1973: Tennessee Williams' South
Tennessee Williams' South (Rasky, 1973) 5/10
The theatre of Tennessee Williams is indelibly associated with the South. With its steamy passages and sweaty textures, the work of the famed American playwright has become crucially inseparable from the American south in its dialect heavy language, settings and themes.
In 1973, the Canadian Broadcasting Company released Tennessee Williams' South, an eighty minute documentary directed by Canadian documentarian Harry Rasky that aimed to analyze Williams' relation to the South: its geography, its culture and its people. The result was a curious amalgamation of interviews, theatrical performances and poetry readings that overall reinforces the mythology of Tennessee Williams, rather than de-construct his personal and literary biography.
Filmed over the course of a year, Tennessee Williams' South traces the roots of Williams' work in a series of interviews at the author's Key West residence and former New Orleans haunts. The film's recorded conversations between Rasky and Williams unearth elements about his influences and his relationship to the South. Describing himself as an "angry old man,"Williams conversely appears jovial throughout the majority of his interactions.
Despite frequently discussing the South as both a geographical place and a state of mind in his art, Williams readily stresses the importance of personal experience in his work. The dualistic influences of the experiential and the cultural penetrate into a host of unique influences from his Ohioan grandparents to his absent father, his schizophrenic sister to African-American culture. Although Rasky frequently tries to imbue a sense of Williams as the preserver of a broken Southern identity, the renowned writer is quick to stress his eccentric ways and his status as the head of his own unique country.
Subsequently, the authentic South in Rasky's film clashes with the "South" of Williams' work. As the progenitor of a personalized realm of broken Southern damsels and a frittered plantation culture, Williams' "South" is one of a fading aristocratic environment reluctant to change, a society gone with the wind. Nevertheless, there is little in Williams' central output emphasizing the spiritual and social plight of the Southern working-class or African-American populations who represented the real South. Williams' conception is thus one unique to his work, a fact that Rasky fails to centrally address throughout the documentary.
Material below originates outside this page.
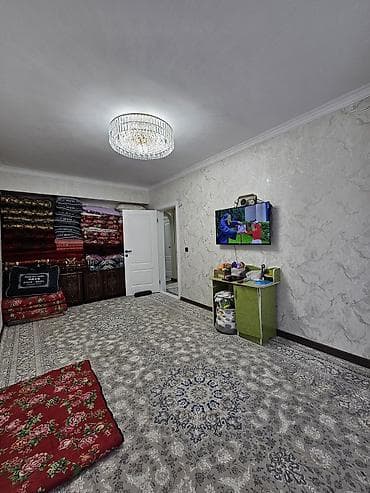 Квартиры: 2 комнаты, 52 м², Молодая Гвардия Индивидуалка, 2 этаж, Евроремонт — 5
Instead Rasky attempts to incorporates elements of Williams' work that found their influence in his life. Rasky achieves this by fusing interviews and poetry readings with slices of Night of the Iguana, The Glass Menagerie, A Streetcar Named Desire and other plays to inject Williams' personality and biography onto his literary legacy. Featuring performances by actors such as Burl Ives, Jessica Tandy and Michael York, the theatrical bits are hit-and-miss. Dated in their approach, these pieces suffer from stiff performances (see, for example, John Colicos and Colleen Dewhurst's rendition of Night of the Iguana) and an overly textual approach that emphasizes Williams' words, over the performers' respective renditions.
Paralleling the efforts of the film's thespian interpretations, Rasky's film suffers partially due to its slavery to the script; its adherence to the Williams' legend. There are no critical insights into his relationships, his political opinions or his feelings towards cinematic representations of his work. Nor is there any genuine disassembling of the themes in Williams' oeuvre beyond the grandiose idea of "the South." Consequently, Rasky's benign and myopic questions fall into Williams' eager hands, producing a film that warmly addresses with panache the roots of Tennessee Williams, but fails to explore his broken branches and torn stems.
* Tennessee Williams' South is released on DVD by Warner Home Video and is only available in their excellent Tennessee Williams Film Collection box set.